Image-text web data:
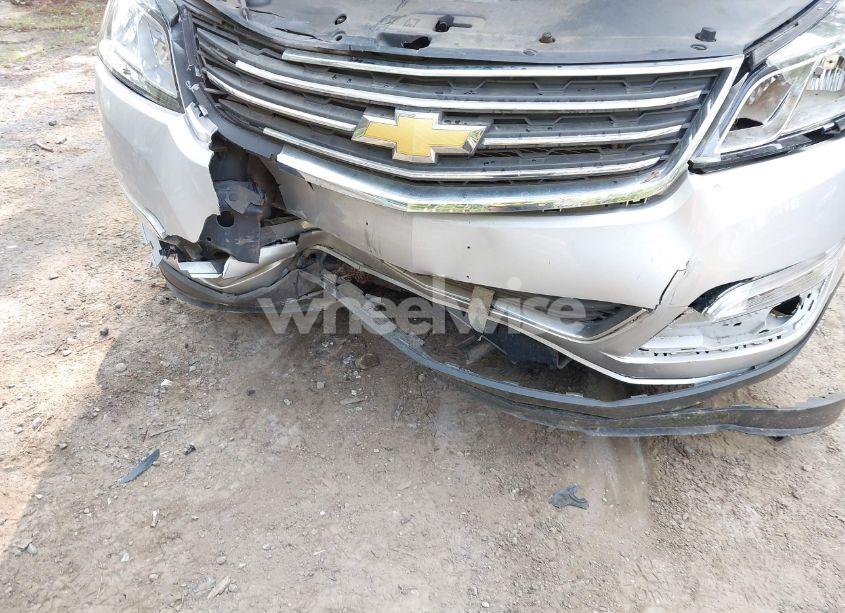 Photo 6 of 2017 Chevrolet Traverse 2LT (VIN 1GNKVHKD8HJ138357)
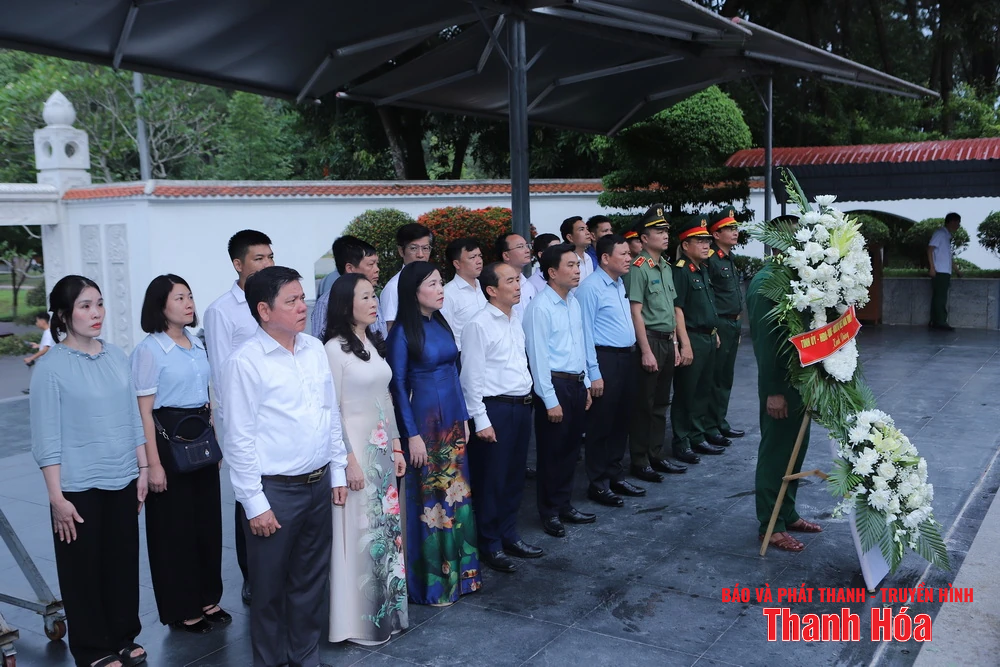 เลขาธิการคณะกรรมการพรรคประจำจังหวัดเหงียน โดวน์ อันห์ และคณะผู้แทนจังหวัดทัญฮว้าได้มอบดอกไม้และธูปหอมให้แก่ประธานาธิบดีโฮจิมินห์ พลเอกหวอเหงียนซาป และสุสานวีรชนในจังหวัดเหงะอาน ห่าติ๋ญ และกวางจิ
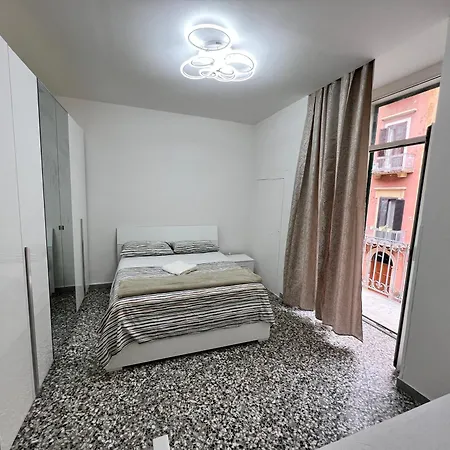 Manzoni 185 בית הארחה 3*
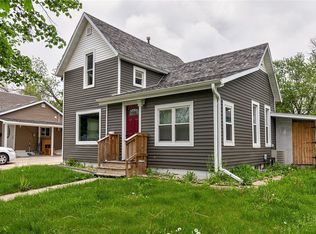 1610 W 3rd St, Perry, IA 50220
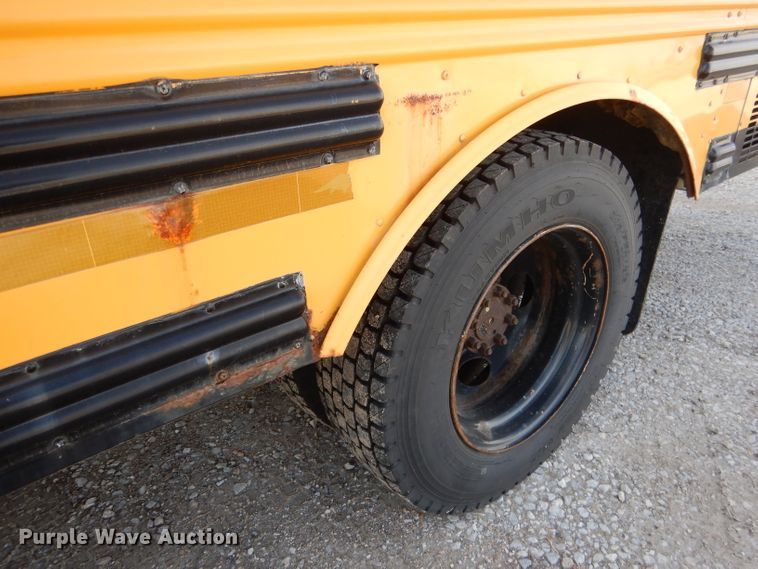 image for item DG5875 2000 International 3800 school bus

→ Goal of the exercise
Each entry should be set down exactly, pictures excluded.

→ Answer
 Photo 6 of 2017 Chevrolet Traverse 2LT (VIN 1GNKVHKD8HJ138357)
 เลขาธิการคณะกรรมการพรรคประจำจังหวัดเหงียน โดวน์ อันห์ และคณะผู้แทนจังหวัดทัญฮว้าได้มอบดอกไม้และธูปหอมให้แก่ประธานาธิบดีโฮจิมินห์ พลเอกหวอเหงียนซาป และสุสานวีรชนในจังหวัดเหงะอาน ห่าติ๋ญ และกวางจิ
 Manzoni 185 בית הארחה 3*
 1610 W 3rd St, Perry, IA 50220
 image for item DG5875 2000 International 3800 school bus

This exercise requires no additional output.